Dinner started with cheese, an unusual habit for me. We arrived at dinner at that hour when bats start to fly, that is, very late. The novel dish was sea asparagus, a mollusk that grows on cliff edges. It clings for dear life in this precarious and treacherous terrain and is collected for the Portuguese market by intrepid fishermen, who at low tide, dangle on ropes to sheer off these mollusks; all for the delight of eating them, perhaps also simply for the daring. Their taste is marine, something primordial and ancient glows in their scent, their texture is gristle like clams. The main course was sea bass (sea wolf) baked in encrusted salt, leaving it fresh, friable and delicious. I missed out on the obligatory ice cream and finished with Portuguese espresso. Poisonous until sweetened with generous sugar. I was reminded of Pessoa’s meeting with Soares in a stolid, homely restaurant where one is as likely to meet an eccentric as the nondescript.
The talk over dinner was all history. Who discovered Brazil? When did the Jews of Brazil leave for New York? When were the Dutch in Brazil? The Portuguese did not merely tack along the West African coast. Past, down to the Cape of Good Hope but swerved to Brazil across the Atlantic in order to swing back under the Cape of Good Hope. It is extraordinary that the Portuguese, to a man and woman, are preoccupied with colonial history whereas the British hardly discuss this period openly.

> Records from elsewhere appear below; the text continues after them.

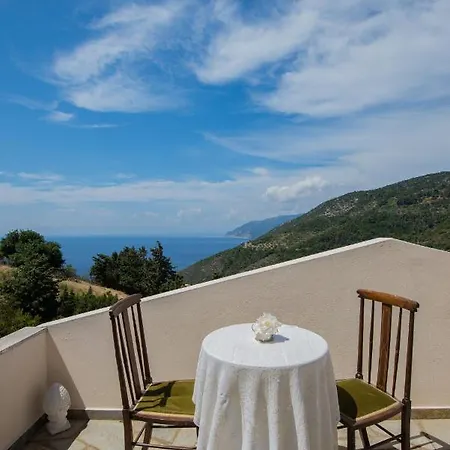 Frederike In Alonissos Old Town * Alónnisos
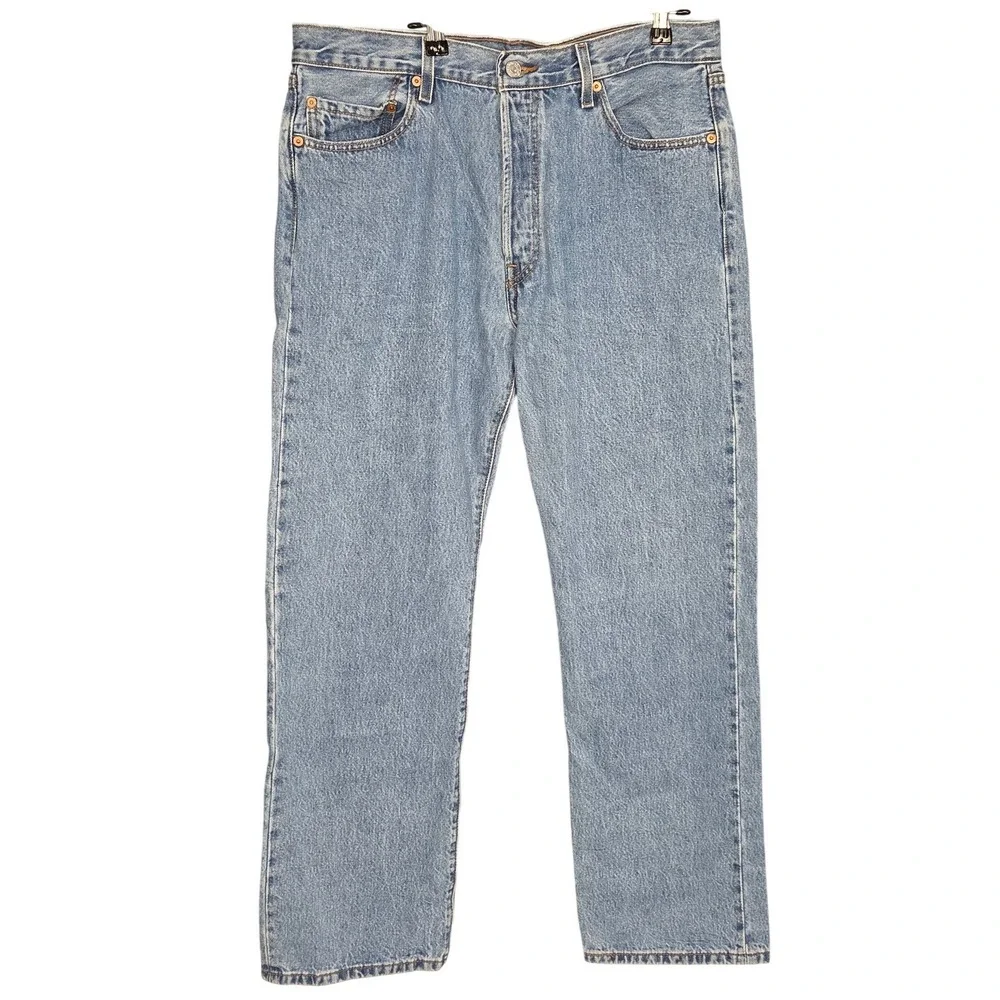 Levis 501 Jeans Mens 36x32 Light Wash Blue Straight Leg Button Fly Y2K 333M
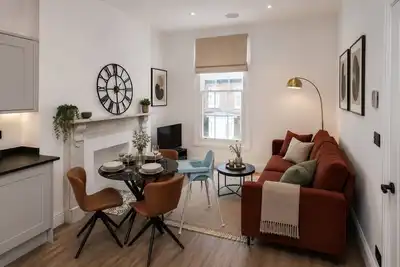 Image de Shambles Flat | Central Location | York Races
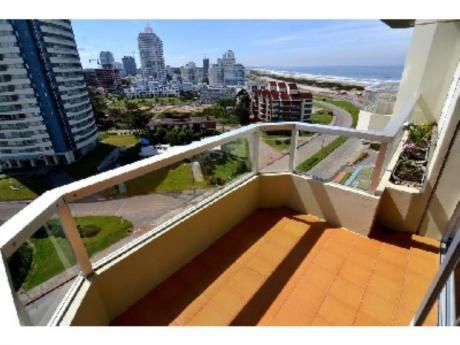 Apartamentos En Playa Brava: Sgt2233a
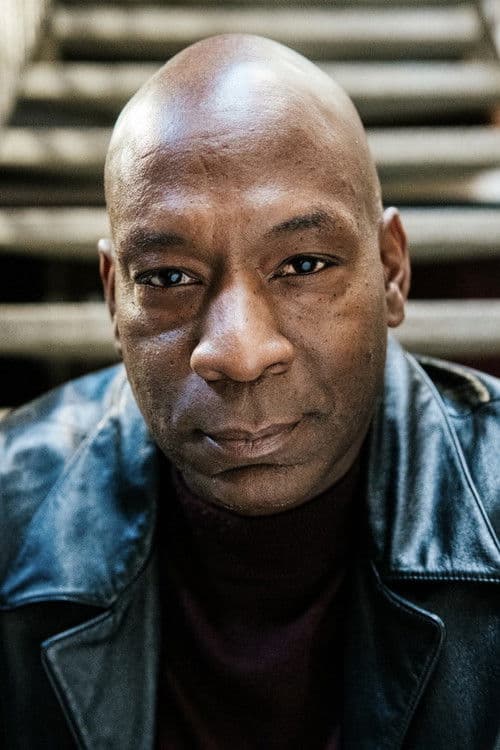 Adrian Roberts profile photo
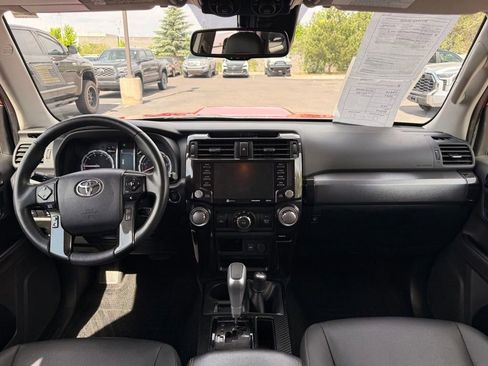 Certified 2021 Toyota 4Runner TRD Off-Road Premium AWD/4WD image 10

Dates, names, place names, every turn and bend of historical event nailed down and argued over; every war, every defeat, military conquest rehearsed. This was quite a lesson in Portuguese history. It was how an evening is spent in thrall to the past, washed down by wine.
I had encountered Pessoa and Soares on the same day. What sheer unlikely luck. At Casa Fernando Pessoa, a house on 3 floors, I met Pessoa in his bedroom, in his black suit, pressed white shirt, hat and just behind him, his narrow bed. He showed me, without words, his disused glasses, his pens, notebooks, and his personal library of Shakespeare’s complete works and Baudelaire, all carefully notated along the margins.
My greatest wish was to meet Ricardo Reis too but he was out of town. The many masks that Pessoa wore in his writing were put aside for our brief meeting. But, I was conscious always of Soares
My mania for creating a false world is still with me and will leave me only when I die. I no longer line up in my desk drawers cotton reels and pawns – with the occasional bishop and knight thrown in – but I regret not doing so…and instead, like someone in winter, cozily warming themselves by the fire, I line up in my imagination the ranks of constant, living characters who inhabit my inner world. For I have a whole world of friends inside me, each with his or her own real, defined and imperfect life.
What is so wonderful is that these ‘constant living characters’ of Soares’ inner life climbed Rua dos Douradores with me and then accompanied me to Rua Coelho da Rocha to meet Pessoa: an afternoon of the most ecstatic conversation about literature and language followed by an evening of exquisite dining. That is the imaginary life for you. Literature! Literature
Which is art married to thought and the immaculate realization of reality, seems to me the goal towards which all human effort should be directed, as long as that effort is truly human and not just a vestige of the animal in us. I believe that to say a thing is to preserve its virtue and remove any terror it may hold. Fields are greener when described than when they are merely their own green selves. If one could describe flowers in words that define them in the air of the imagination, they would have colors that would outlast anything mere cellular life could manage.